-- Opening Marker --

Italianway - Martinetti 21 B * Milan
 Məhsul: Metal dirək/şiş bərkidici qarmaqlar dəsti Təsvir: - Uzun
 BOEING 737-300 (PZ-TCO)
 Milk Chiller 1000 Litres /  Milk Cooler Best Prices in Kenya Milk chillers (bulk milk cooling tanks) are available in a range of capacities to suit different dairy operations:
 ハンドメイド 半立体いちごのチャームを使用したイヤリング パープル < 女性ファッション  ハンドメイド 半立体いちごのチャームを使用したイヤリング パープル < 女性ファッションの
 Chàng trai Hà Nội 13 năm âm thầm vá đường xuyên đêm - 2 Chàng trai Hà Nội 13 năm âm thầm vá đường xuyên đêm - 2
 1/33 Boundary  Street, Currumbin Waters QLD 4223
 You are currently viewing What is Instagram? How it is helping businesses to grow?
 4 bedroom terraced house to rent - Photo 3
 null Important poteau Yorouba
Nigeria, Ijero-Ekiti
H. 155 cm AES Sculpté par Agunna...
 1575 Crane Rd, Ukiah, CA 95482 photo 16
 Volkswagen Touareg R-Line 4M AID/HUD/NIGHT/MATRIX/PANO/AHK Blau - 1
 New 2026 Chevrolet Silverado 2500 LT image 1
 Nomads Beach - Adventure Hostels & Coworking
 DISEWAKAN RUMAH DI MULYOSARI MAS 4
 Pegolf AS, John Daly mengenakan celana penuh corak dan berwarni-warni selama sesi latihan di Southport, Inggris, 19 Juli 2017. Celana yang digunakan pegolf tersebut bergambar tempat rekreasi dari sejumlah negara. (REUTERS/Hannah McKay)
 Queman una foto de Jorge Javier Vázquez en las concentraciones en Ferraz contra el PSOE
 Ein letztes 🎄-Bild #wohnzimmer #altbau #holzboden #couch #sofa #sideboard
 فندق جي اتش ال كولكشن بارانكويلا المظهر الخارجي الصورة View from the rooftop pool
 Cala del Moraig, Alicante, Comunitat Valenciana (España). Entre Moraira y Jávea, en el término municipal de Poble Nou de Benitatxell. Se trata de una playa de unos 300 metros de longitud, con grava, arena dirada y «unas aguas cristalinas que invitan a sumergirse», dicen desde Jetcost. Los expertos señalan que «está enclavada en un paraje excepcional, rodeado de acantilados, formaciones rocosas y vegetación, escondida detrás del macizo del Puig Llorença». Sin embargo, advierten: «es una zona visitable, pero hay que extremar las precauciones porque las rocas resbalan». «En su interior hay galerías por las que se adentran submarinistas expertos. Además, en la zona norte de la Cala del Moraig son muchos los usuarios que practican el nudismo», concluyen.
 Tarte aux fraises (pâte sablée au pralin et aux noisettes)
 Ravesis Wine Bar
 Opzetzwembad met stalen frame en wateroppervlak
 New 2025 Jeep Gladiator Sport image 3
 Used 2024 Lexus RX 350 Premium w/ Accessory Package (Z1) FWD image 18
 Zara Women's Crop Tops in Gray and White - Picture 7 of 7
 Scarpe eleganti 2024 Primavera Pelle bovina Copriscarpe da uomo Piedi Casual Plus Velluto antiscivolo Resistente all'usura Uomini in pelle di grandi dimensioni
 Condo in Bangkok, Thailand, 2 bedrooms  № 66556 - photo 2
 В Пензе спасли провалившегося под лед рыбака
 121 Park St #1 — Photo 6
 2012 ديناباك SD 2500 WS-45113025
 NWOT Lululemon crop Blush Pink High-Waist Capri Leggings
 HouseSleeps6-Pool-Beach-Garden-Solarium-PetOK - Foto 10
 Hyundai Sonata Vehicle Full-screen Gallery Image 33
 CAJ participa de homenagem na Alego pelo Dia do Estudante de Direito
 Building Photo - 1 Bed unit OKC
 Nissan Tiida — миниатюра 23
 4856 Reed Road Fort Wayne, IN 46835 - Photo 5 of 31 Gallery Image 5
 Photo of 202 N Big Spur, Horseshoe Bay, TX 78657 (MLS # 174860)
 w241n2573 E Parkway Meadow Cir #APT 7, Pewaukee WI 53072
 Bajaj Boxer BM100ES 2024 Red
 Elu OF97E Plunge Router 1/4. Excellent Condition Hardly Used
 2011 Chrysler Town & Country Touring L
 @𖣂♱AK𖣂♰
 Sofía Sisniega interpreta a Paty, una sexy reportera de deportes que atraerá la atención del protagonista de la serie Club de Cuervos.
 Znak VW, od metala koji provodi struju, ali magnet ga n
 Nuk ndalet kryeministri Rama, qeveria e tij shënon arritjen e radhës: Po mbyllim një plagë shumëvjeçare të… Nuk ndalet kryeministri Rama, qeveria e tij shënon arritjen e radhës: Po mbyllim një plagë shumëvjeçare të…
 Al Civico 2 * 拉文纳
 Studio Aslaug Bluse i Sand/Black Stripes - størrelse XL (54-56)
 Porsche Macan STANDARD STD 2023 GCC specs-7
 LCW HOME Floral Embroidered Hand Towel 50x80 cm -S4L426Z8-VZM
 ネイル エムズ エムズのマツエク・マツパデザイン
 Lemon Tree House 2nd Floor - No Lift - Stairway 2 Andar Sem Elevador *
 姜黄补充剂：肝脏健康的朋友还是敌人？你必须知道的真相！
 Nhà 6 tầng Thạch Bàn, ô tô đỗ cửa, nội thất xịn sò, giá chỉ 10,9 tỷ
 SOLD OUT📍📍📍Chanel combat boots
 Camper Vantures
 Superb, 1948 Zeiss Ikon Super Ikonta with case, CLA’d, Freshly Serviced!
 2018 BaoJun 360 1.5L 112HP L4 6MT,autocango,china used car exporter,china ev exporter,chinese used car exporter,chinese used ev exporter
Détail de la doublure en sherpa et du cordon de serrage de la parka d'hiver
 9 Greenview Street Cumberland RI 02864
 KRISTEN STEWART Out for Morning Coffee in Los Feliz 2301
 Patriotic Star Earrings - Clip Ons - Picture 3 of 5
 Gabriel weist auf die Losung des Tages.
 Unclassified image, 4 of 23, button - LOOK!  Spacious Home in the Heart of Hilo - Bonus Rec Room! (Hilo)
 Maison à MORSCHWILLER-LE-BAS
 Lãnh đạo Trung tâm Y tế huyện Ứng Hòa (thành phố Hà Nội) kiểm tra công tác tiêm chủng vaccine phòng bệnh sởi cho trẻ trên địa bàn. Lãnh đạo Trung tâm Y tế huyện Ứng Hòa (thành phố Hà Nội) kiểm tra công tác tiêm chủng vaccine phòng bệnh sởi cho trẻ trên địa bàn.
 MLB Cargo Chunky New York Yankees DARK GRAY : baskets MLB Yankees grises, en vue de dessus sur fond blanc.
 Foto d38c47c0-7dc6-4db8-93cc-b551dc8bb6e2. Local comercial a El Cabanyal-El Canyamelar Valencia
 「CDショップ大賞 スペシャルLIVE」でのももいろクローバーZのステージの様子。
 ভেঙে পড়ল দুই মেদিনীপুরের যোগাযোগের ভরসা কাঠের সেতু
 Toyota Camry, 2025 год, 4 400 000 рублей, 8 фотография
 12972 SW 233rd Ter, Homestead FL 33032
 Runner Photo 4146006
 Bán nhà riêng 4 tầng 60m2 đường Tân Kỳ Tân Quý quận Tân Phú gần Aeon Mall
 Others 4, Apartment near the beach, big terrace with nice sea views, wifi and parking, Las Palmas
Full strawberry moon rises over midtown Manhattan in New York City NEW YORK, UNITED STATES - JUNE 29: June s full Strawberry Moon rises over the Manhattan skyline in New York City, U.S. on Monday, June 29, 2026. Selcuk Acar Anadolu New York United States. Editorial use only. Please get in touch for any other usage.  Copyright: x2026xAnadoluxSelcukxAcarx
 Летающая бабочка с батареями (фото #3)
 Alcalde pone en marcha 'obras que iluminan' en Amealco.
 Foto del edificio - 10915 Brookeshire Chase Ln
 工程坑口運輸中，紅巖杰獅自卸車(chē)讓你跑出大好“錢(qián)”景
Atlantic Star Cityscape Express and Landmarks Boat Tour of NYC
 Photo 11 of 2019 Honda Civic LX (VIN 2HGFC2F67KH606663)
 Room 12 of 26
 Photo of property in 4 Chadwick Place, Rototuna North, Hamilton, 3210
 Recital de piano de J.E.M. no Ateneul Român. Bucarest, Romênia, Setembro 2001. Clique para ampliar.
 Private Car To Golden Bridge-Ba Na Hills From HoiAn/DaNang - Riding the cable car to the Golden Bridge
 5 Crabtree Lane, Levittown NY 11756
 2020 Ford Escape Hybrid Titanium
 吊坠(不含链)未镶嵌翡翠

-- Closing Marker --

▶ [Your assignment]: The response should hold exactly the lines starting at the line with "NWOT Lululemon crop" and ending at the line with "CAJ participa de", and no other line of the material above.

▶ [Solution to this problem]:
 NWOT Lululemon crop Blush Pink High-Waist Capri Leggings
 HouseSleeps6-Pool-Beach-Garden-Solarium-PetOK - Foto 10
 Hyundai Sonata Vehicle Full-screen Gallery Image 33
 CAJ participa de homenagem na Alego pelo Dia do Estudante de Direito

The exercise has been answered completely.